This passage is an example of man's innate understanding of the importance of technology to everyday life. Max Engels was an economist, not a technologist, yet his definition of an economy is clearly based on technology: "methods of production" combined with commerce. This is not the historical revelation that made Engels famous, for Adam Smith had written the same thing 70 years earlier. It was Engels' insight into the relationship of these two things. Engels realized that technology was not the result, but the determining factor of how people lived their lives.

Prior to the assembly line, all goods, agrarian or manufactured, depended on a distinct and specialized labor pool. This was good for labor, but not for the consumer, because these pools could produce only so many goods. Relatively speaking, anything produced prior to the assembly line was quite expensive. But with the advent of the assembly line, manufactured goods could be made cheaply and in vast quantities. At the beginning of the 19th century, the vast majority of American households made their own clothing. By the end of the century, making one's own clothing, at least for everyday wear, was relatively rare. Today it's almost unheard of. The New England textile makers made fortunes supplying the United States and eventually the world with high quality but inexpensive shirts, pants, and dresses.

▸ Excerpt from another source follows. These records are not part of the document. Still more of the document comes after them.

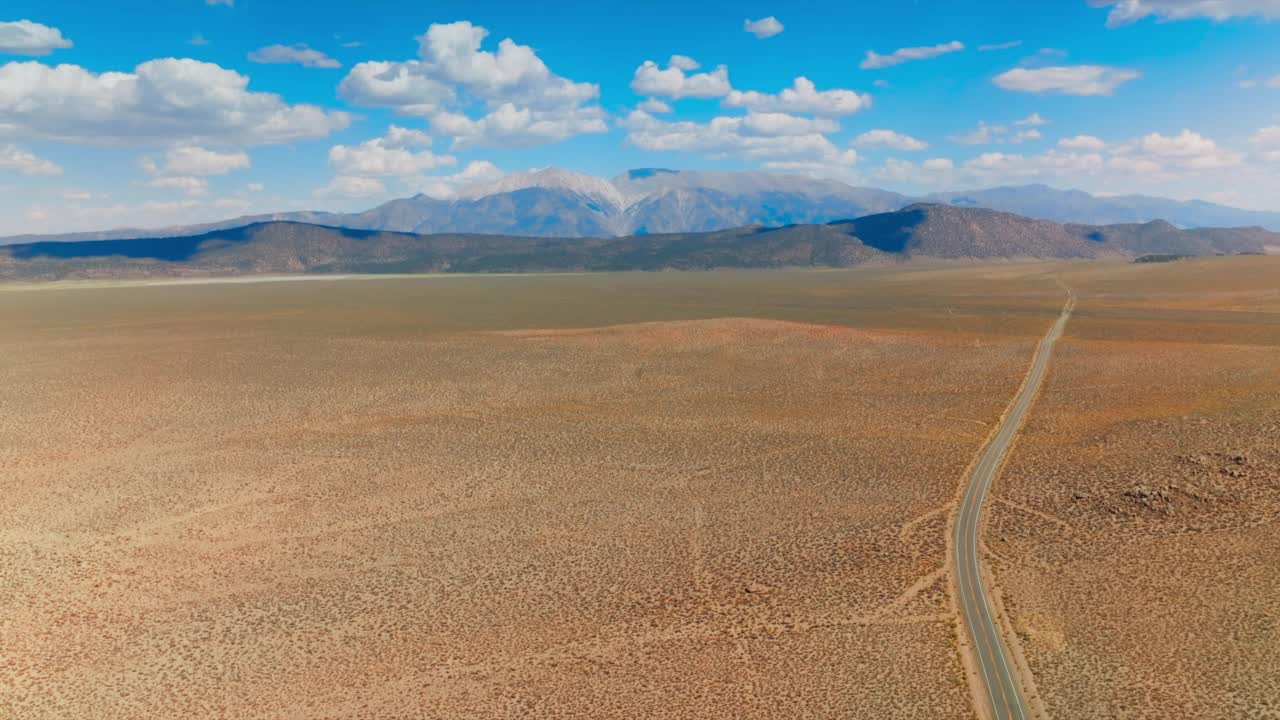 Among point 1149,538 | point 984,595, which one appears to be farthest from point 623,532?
point 1149,538

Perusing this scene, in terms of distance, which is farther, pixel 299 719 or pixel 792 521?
pixel 792 521

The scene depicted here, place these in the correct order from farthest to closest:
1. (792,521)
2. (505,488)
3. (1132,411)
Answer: (1132,411), (505,488), (792,521)

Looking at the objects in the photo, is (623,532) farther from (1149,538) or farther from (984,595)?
(1149,538)

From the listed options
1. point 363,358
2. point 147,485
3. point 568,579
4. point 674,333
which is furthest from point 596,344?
point 568,579

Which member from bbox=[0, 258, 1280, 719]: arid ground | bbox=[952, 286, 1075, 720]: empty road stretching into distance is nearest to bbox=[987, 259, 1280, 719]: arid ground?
bbox=[0, 258, 1280, 719]: arid ground

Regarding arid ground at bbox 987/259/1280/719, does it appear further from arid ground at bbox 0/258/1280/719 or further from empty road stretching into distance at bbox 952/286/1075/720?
empty road stretching into distance at bbox 952/286/1075/720

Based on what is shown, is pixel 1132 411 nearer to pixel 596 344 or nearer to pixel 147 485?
pixel 596 344

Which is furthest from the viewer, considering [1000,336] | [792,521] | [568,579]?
[1000,336] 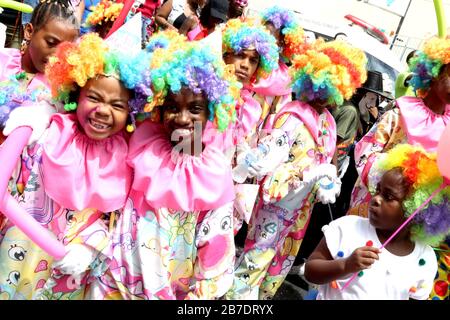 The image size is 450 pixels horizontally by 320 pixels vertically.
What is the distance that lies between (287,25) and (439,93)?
52.3 inches

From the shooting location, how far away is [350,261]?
7.20ft

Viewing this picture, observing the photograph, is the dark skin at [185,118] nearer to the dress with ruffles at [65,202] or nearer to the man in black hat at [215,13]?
the dress with ruffles at [65,202]

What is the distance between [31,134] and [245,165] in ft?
4.28

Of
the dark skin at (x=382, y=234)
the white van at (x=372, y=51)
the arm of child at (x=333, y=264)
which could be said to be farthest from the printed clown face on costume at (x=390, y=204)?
the white van at (x=372, y=51)

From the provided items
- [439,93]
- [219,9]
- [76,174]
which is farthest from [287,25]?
[76,174]

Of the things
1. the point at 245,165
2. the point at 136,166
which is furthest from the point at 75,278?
the point at 245,165

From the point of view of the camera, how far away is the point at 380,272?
2.33m

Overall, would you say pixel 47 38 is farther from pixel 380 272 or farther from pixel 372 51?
pixel 372 51

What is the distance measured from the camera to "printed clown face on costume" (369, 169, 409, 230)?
2.33 meters

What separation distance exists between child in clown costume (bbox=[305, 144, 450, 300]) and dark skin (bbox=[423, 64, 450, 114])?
967 millimetres

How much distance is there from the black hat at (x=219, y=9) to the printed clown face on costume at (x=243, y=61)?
2.63 feet

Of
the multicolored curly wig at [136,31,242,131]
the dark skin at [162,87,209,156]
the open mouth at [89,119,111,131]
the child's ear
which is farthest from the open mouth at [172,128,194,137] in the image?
the child's ear

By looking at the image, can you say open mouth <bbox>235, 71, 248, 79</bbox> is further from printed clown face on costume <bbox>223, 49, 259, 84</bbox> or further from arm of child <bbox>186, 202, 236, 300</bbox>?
arm of child <bbox>186, 202, 236, 300</bbox>

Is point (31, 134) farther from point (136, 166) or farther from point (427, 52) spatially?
point (427, 52) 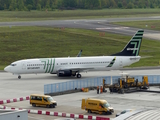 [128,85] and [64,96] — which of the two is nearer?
[64,96]

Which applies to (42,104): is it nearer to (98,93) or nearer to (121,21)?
(98,93)

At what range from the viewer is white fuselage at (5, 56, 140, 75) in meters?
73.7

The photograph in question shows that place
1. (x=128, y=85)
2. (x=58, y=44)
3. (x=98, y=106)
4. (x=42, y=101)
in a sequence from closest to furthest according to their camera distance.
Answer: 1. (x=98, y=106)
2. (x=42, y=101)
3. (x=128, y=85)
4. (x=58, y=44)

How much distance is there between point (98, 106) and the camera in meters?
46.1

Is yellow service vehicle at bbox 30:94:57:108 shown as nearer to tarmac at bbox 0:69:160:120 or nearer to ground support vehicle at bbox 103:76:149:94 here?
tarmac at bbox 0:69:160:120

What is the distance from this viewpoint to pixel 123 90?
60.2 m

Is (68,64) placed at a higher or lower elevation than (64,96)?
higher

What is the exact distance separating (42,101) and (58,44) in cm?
6072

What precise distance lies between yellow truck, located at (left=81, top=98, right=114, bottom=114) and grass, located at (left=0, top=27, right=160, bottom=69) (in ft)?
149

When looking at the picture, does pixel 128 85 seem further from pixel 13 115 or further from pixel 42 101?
pixel 13 115

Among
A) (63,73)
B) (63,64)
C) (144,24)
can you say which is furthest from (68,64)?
(144,24)

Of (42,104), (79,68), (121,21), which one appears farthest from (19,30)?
(42,104)

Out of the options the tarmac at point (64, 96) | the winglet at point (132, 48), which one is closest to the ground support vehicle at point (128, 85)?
the tarmac at point (64, 96)

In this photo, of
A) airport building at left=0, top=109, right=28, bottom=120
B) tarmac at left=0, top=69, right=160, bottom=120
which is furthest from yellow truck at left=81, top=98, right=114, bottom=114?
airport building at left=0, top=109, right=28, bottom=120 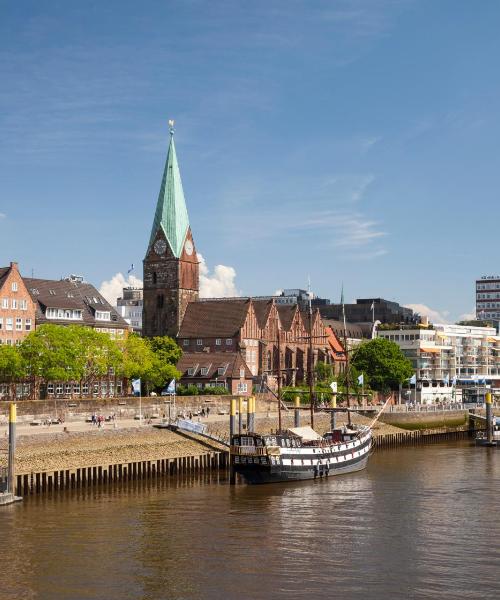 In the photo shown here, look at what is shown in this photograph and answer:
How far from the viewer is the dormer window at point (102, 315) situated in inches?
6206

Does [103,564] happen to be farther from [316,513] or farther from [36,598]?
[316,513]

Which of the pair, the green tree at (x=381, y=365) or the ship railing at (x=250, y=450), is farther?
the green tree at (x=381, y=365)

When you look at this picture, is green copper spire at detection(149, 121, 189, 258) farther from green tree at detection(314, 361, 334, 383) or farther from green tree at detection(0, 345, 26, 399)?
green tree at detection(0, 345, 26, 399)

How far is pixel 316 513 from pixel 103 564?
66.1ft

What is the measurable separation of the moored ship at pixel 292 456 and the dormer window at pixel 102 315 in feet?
228

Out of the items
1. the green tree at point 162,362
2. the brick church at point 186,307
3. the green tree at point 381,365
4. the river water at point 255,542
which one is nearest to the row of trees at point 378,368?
the green tree at point 381,365

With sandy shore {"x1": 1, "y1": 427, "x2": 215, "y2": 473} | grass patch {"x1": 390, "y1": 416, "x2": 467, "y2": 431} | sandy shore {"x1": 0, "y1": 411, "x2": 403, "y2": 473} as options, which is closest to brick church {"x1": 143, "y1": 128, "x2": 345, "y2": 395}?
grass patch {"x1": 390, "y1": 416, "x2": 467, "y2": 431}

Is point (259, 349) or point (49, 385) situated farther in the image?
point (259, 349)

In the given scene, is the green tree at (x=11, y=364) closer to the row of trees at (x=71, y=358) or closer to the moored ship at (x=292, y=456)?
the row of trees at (x=71, y=358)

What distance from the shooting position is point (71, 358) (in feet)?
400

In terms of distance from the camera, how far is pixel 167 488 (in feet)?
259

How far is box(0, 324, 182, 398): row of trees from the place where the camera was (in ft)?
396

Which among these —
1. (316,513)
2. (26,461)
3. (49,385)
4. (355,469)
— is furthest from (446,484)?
→ (49,385)

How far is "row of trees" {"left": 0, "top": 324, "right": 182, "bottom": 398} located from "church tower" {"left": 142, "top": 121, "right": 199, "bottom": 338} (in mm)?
34011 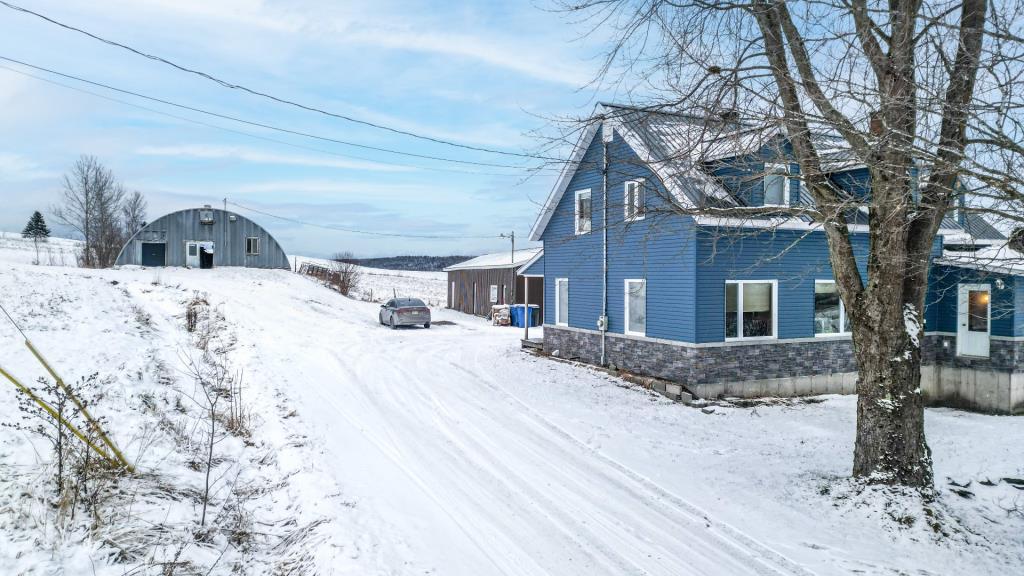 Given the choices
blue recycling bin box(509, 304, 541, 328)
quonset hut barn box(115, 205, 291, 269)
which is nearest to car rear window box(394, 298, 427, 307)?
blue recycling bin box(509, 304, 541, 328)

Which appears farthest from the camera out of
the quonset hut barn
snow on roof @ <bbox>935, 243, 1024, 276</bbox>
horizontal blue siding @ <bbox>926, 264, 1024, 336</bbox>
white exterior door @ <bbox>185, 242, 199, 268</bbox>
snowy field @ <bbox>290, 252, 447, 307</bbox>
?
snowy field @ <bbox>290, 252, 447, 307</bbox>

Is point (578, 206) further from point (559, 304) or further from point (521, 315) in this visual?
point (521, 315)

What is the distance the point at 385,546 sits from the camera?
5.69m

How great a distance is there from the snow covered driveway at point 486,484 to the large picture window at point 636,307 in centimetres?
307

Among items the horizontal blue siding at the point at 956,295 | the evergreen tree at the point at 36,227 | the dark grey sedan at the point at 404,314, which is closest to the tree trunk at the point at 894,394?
the horizontal blue siding at the point at 956,295

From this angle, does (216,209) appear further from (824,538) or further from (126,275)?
(824,538)

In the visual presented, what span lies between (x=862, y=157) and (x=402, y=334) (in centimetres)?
2035

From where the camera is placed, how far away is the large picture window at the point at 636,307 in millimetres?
15195

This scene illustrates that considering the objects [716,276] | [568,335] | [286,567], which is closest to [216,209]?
[568,335]

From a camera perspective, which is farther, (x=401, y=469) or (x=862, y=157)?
(x=401, y=469)

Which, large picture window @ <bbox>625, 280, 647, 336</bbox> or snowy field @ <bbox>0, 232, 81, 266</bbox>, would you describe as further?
snowy field @ <bbox>0, 232, 81, 266</bbox>

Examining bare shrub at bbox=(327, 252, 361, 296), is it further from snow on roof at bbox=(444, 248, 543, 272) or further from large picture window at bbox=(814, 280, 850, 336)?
large picture window at bbox=(814, 280, 850, 336)

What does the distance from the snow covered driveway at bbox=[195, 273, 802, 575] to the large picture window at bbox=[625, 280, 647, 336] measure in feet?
10.1

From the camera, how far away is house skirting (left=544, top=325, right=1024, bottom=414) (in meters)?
13.7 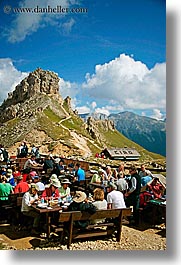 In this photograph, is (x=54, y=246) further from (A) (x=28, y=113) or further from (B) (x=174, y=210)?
(A) (x=28, y=113)

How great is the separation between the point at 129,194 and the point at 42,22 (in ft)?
12.3

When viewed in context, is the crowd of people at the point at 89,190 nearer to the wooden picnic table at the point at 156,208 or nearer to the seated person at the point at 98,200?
the seated person at the point at 98,200

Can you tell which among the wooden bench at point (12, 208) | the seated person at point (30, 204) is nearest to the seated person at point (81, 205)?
the seated person at point (30, 204)

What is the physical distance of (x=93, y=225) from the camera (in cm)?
687

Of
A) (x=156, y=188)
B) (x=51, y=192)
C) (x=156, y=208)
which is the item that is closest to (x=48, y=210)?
(x=51, y=192)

After the success of the textile industry, almost every form of manufacture turned to the assembly line. Soon almost all consumer goods, from bathtubs to automobiles, were rolling off of assembly lines. In conjunction with the explosion of textile manufacturing, artificial dyes were being developed to supplement natural dyes that were expensive and limited in quantity. This led to the intense study of and research into pure chemistry. Eventually, petroleum products, first used to replace whale oil, were subjected to chemical processes, and the nascent organic chemical industry was born. Electricity was harnessed and exploited to meet the new demands of a well-dressed populace with more money in its pockets than ever before. The Industrial Revolution began in the 18th century, and by the end of the 19th century it was in full swing.

This unprecedented consumer demand fueled a number of disparate industries to innovate. These innovations came together to form follow-on innovations that led to whole new industries. In turn, these innovations in manufacturing, chemicals, electricity, and magnetism led to a vast array of inventions in a phenomenally short period of time. From 1859 to 1900, the air brake, the telephone, the light bulb, the electric generator, the Bessemer process, acetylene, the typewriter, the zipper, celluloid film, the movie projector, and scores of other innovations were born. After the turn of the century, economists no longer had to differentiate one industry's innovations from another, but could combine products and services in economic terms to describe the country's entire economic output. With the advent of the New York Stock exchange in 1817 came the financial market's ability to "value" a company (whether it was a manufacturer, a chemical company, or entertainment) by its products as well as by its ability to innovate. The market for technology was born along with the modern notions of progress that we still accept today: market share, industrial growth, and R&D. (Our most recent notion of progress is Internet speed.)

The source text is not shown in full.